Andrea Rose Russett (born June 27, 1995) is an Internet personality active on Snapchat, Instagram, and YouTube. In 2020 Russett released her first music, making her a published singer-songwriter.

Early life 
Russett was born in Fort Wayne, Indiana to Mark (William) and Jacqui Russett, who are both graphic designers. She has one sister (Nethu), Anna, and one brother, Anthony.

She attended Bishop Dwenger, a private Catholic high school, until her junior year, when she moved to California and began attending an online school. However, she left the program during her final year, saying "everybody learns differently and I don't learn by reading and writing a report. I need to be doing something to learn."

Career 
In 2009 during her early teens, Russett began broadcasting on YouTube when she created a music video entry for a contest to meet Justin Bieber. Although her entry didn't win, it went viral and launched her career.

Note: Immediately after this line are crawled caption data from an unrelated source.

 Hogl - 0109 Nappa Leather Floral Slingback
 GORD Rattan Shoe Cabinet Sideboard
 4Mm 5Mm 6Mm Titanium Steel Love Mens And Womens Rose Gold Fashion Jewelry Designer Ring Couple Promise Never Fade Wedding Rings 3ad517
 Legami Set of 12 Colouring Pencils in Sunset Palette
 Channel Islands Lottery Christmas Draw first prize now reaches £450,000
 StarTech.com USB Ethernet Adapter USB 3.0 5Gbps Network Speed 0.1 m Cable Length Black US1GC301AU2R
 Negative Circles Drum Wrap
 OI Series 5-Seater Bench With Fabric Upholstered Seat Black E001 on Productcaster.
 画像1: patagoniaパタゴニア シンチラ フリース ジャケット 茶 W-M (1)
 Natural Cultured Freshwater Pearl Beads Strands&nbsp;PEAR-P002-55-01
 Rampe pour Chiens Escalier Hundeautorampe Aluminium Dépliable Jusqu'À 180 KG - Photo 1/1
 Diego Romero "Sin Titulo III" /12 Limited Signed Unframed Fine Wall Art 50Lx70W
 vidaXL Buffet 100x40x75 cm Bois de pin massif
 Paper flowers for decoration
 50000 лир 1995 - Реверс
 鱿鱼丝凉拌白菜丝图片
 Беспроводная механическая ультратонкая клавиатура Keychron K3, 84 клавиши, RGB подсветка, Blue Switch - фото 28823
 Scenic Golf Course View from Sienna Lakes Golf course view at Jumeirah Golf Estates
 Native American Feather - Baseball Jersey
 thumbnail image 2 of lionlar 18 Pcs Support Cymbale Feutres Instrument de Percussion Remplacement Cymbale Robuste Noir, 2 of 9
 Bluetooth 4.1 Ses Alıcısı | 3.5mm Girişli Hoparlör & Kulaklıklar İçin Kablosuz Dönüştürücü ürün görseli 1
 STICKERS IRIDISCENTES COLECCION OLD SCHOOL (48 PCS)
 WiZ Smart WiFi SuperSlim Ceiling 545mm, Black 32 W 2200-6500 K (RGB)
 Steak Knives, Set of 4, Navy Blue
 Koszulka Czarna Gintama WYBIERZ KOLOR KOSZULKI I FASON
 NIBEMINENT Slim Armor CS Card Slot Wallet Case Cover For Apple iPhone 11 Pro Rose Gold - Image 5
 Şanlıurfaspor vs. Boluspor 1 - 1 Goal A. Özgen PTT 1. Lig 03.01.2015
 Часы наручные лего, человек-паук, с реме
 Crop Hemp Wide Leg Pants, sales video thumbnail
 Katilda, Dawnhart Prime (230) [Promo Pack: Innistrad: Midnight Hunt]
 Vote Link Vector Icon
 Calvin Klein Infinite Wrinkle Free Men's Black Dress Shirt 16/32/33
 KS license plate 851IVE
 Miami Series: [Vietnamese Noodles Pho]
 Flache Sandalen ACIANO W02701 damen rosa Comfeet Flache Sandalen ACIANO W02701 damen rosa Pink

In 2012 she started her first job, working as a nighttime radio DJ in Fort Wayne, Indiana and becoming the youngest nationally syndicated radio host in the country.

In her junior year of high school, she moved to California after signing a contract with Fullscreen.

In 2013, Russett began designing her own clothing line, FLAWD Clothing. (As of Aug 2019, the clothing website no longer exists, and social media accounts for the line have been inactive since Jun 2015.)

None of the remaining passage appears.